Fernandes foi preso pela equipe do delegado Fleury e por militares do Centro de Informações da Marinha (Cenimar) em 1970, no bairro da Tijuca, Zona Norte do Rio, onde morava. Ele foi torturado em uma casa em São Conrado, Zona Sul da capital fluminense.

“O fato é o seguinte: eu comecei a ser torturado, ele [Fleury] sabia exatamente o que eu fazia na organização, sabia com detalhes, um pouco mais tarde eles me levaram para um quarto embaixo da casa, com piso inferior, embaixo da escada também de madeira. Tinham pelo menos mais dois quartos, eu fui torturado com pau de arara, choque, afogamento, todos os serviços que eles faziam, eu fiquei alguns dias nessa casa. Eu ouvia gritos no quarto ao lado, era outro companheiro que estava sendo torturado. Pelo que eu me lembro esse piso não eram em balanço, era em cima de cimento já, mas aí tinha alguém sendo torturado. Quem eu identifiquei, além do Fleury que estava me torturando, o comandante Amorim do Vale do Cenimar, em alguns momentos eles tiraram a minha venda. Eu achei que eles iam me matar quando tiraram o capuz e deixaram todos serem vistos”, relatou Fernandes à Comissão Nacional da Verdade (CNV), em 2012. 

Ele contou que havia um médico na casa que, de tempos em tempos, avaliava se a tortura poderia prosseguir e aplicava injeções para os opositores da ditadura aguentarem as sevícias.

De acordo com o militante da ALN, na segunda ou terceira noite, os agentes da repressão o colocaram em um dos quartos do imóvel algemado em uma cama ao lado de Eduardo Leite, conhecido como “Bacuri”, também integrante da aliança. Eles não se conheciam.   

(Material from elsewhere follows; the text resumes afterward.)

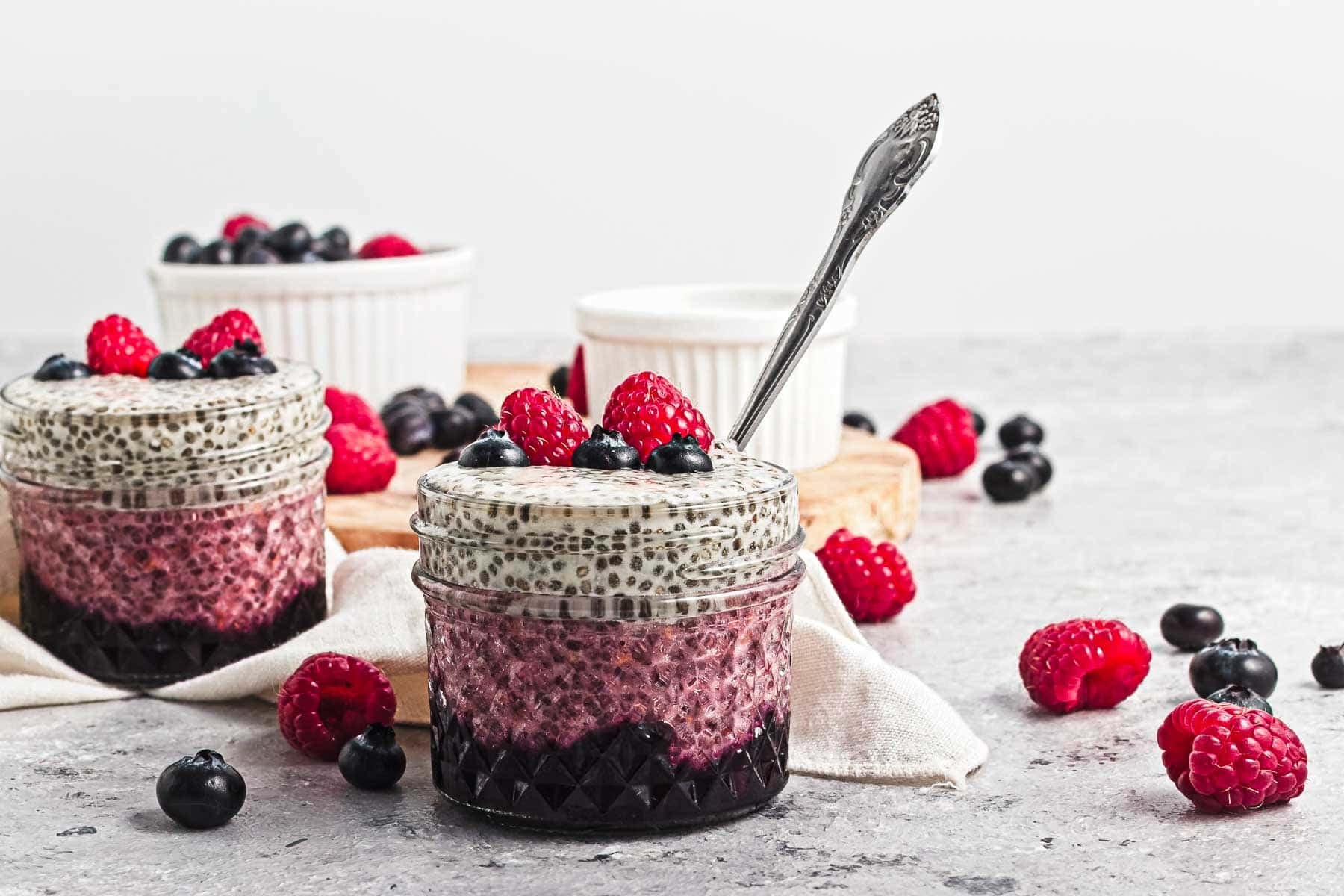 Glass jars filled with layered chia pudding and berries, with a spoon and fresh berries scattered around.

Quando os militares saíram do recinto, “Bacuri fez sinal para mim de silêncio e apontou como se tivesse um gravador embaixo. Nós não falamos nada, passados alguns minutos eles nos tiraram e voltaram a nos torturar”.

Antes de ser preso e já prevendo essa possibilidade, Ottoni Fernandes comprou alguns envelopes e escreveu, na aba interna de um deles: “25, 26 e 27, 19h30min, 307 restaurante Bambi, Alameda Santos, revista veja, lápis amarelo”. Também anotou uma senha e uma contrassenha: “Você trabalha na [trecho incompreensível do depoimento dele à CNV]?” “Não. Eu trabalho na 309 EBM”. O militante guardou o envelope no guarda-roupas de seu quarto. 

Quando o prenderam, os agentes da repressão levaram quase tudo o que tinha em seu apartamento na Tijuca. No quarto dia em que estava na casa em São Conrado, Fernandes mencionou os envelopes. Os militares foram abrindo-os até que acharam o que continha a localização do suposto ponto. “Imediatamente eles pararam de nos torturar”, disse Fernandes. 

Em seguida, chegou uma viatura dos militares. Bacuri, que estava bem debilitado pelas sevícias, foi levado ao hospital da Ilha das Cobras, região portuária do Rio. No fim de 1970, ele foi assassinado pela equipe de Fleury no Guarujá (SP).

Já Fernandes foi encaminhado ao 1º Distrito Naval, na Praça Mauá, na mesma área. Conforme relatava, em sede de inquérito policial militar, as agressões que havia sofrido, o comandante ordenava ao escrivão que omitisse as informações nos documentos oficiais. Mesmo após o depoimento, ele voltou a ser agredido.

Em outro processo, Ottoni Fernandes foi condenado à prisão perpétua por denunciar os homicídios de Bacuri e de Benjamim de Oliveira e as torturas praticadas por agentes do Estado. A pena foi reduzida para 30 anos de reclusão em segunda instância e para 15 anos pelo STM. Por fim, a Corte diminuiu a penalidade para sete anos, e ele ficou seis anos preso, majoritariamente nos presídios de Ilha Grande e Ilha das Flores, ambos no estado do Rio.

Jornalista, Ottoni Fernandes trabalhou em veículos como a Gazeta Mercantil, onde chegou a ser diretor-geral. Foi redator-chefe da revista Istoé e editor da Exame. Além disso, Fernandes foi diretor de Comunicação do Instituto Lula, secretário executivo da Secretaria de Comunicação Social da Presidência da República de 2007 a 2010 e diretor internacional da Empresa Brasil de Comunicação (EBC).

Ele morreu no fim de 2012, após sofrer um infarto fulminante quando passava férias com a família na Patagônia argentina. O ex-militante relatou sua história no livro “O baú do guerrilheiro” (Record).